Przed sądem w Leicester (Wielka Brytania) rozpoczął się proces 24-letniej Julii W., Polki z Lubina (woj. dolnośląskie) oskarżonej o wieloletnie nękanie rodziców zaginionej w 2007 roku Madeleine McCann. Kobieta, która podawała się za zaginioną Brytyjkę, miała przez trzy lata prześladować Kate i Gerry’ego McCannów.

  • 24-letnia Polka Julia W. stanęła przed sądem w Leicester, oskarżona o nękanie rodziców zaginionej Madeleine McCann.
  • Kobieta przez trzy lata wysyłała do rodziców Madeleine wiadomości, maile i nagrania głosowe oraz pojawiała się przed ich domem.
  • Twierdziła, że dzięki hipnozie pamięta swoje dzieciństwo w domu McCannów; tworzyła także zmanipulowane zdjęcia przy użyciu sztucznej inteligencji i wysyłała je rodzeństwu Madeleine McCann.
  • W jednej z wiadomości do Katy McCann pisała m.in.: "Nie jestem szalona.
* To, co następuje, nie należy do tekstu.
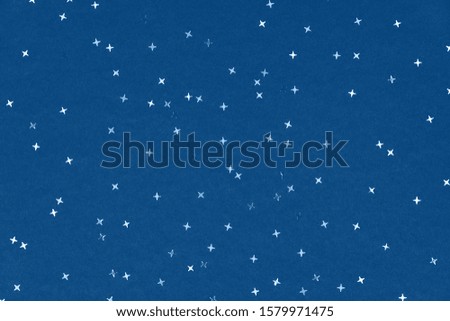 Metallic foil stars confetti sparse on trendy blue colored background. Simple holiday concept. Winter festive backdrop. Top view, flat lay. Color trend concept.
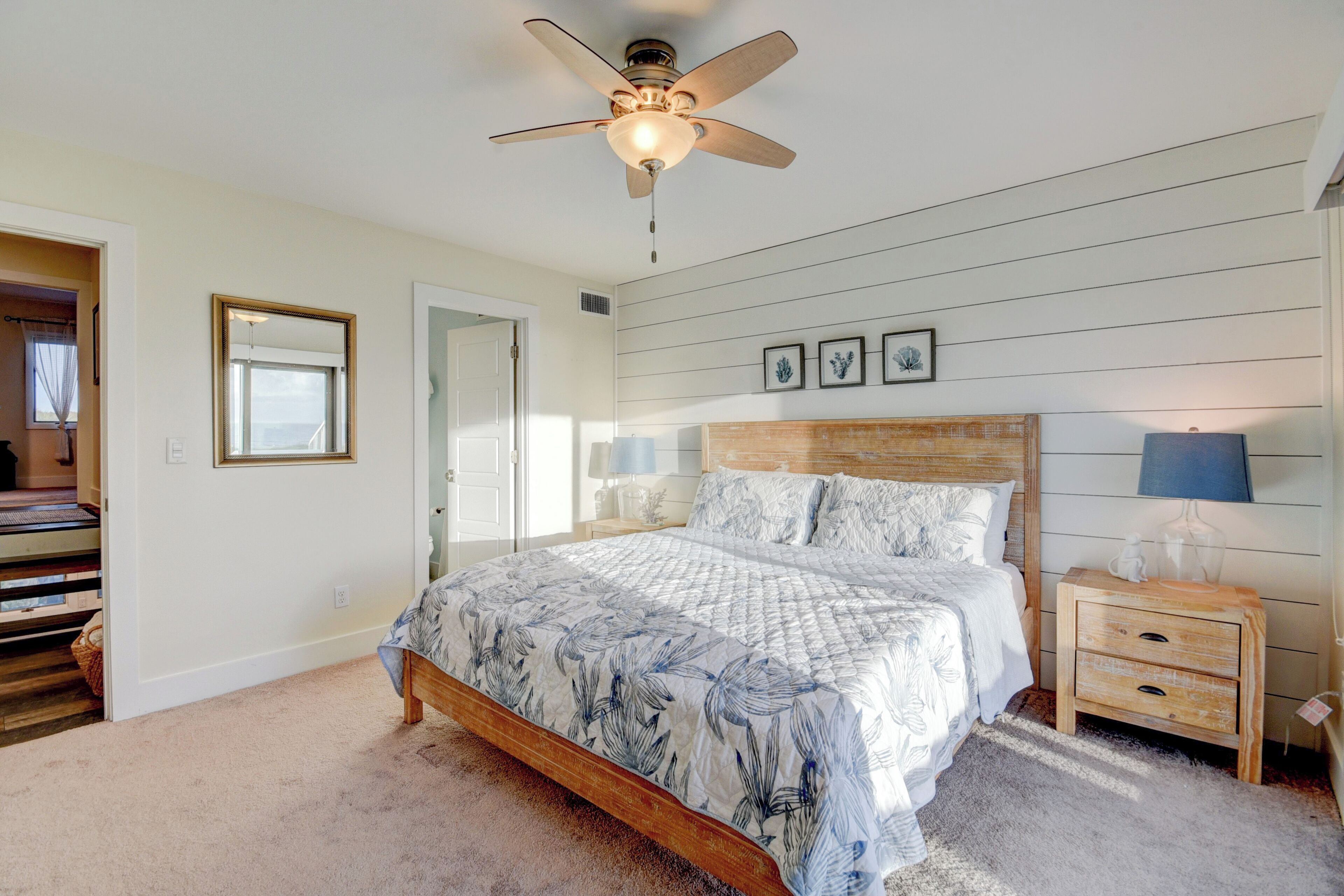 A bedroom with a wooden bed, a nightstand with a lamp, and a ceiling fan.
Błagam, przestańcie blokować mój numer... Wiem rzeczy, które wiesz tylko ty, Gerry i Madeleine".

Julia W. "nie ma żadnych powiązań rodzinnych" z rodziną McCannów i jest "niemal dwa lata starsza" od ich córki Madeleine - podkreślił w sądzie w Leicester prokurator Michael Duck KC. 

Powiedział, że "już na wczesnym etapie procesu należy jasno podkreślić, że Julia W. nie jest Madeleine McCann". Na te słowa oskarżona zaczęła głośno płakać, wstała i próbowała opuścić salę tylnymi drzwiami.

Pocieszała ją Karen Spragg, 61-latka z Cardiff, która - podobnie jak W. - jest oskarżona o nękanie McCannów. Obie kobiety nie przyznają się do winy.

Fałszywe wspomnienia i zmanipulowane zdjęcia

Julia W. twierdzi, że posiada wiele wspomnień z domu McCannów, uczestniczyła w wydarzeniach rodzinnych i bawiła się z rodzeństwem Madeleine, jednak - jak zaznaczyła prokuratora - "nie należy dawać temu wiary". Kobieta wcześniej miała podawać się za inne zaginione dzieci: Niemkę Ingę Gehricke oraz Amerykankę Acacię Bishop.

Swój pierwszy kontakt z McCannami próbowała nawiązać za pośrednictwem szpitala w Leicester, do którego zadzwoniła, podając się za Madeleine McCann i mówiąc, że "nie pamięta niczego sprzed 2010 r.", ale skontaktowała się już w tej sprawie zarówno z policją brytyjską, jak i polską. Informacja została przekazana zespołowi badającemu zaginięcie Madeleine McCann.

Nie zniechęciło jej to, podjęła dalsze próby kontaktu. Ta porażka - zamiast ją powstrzymać - stała się katalizatorem wielu kolejnych prób, które osiągnęły punkt kulminacyjny w ciągu następnych dwóch i pół roku - powiedział prokurator Michael Duck KC. 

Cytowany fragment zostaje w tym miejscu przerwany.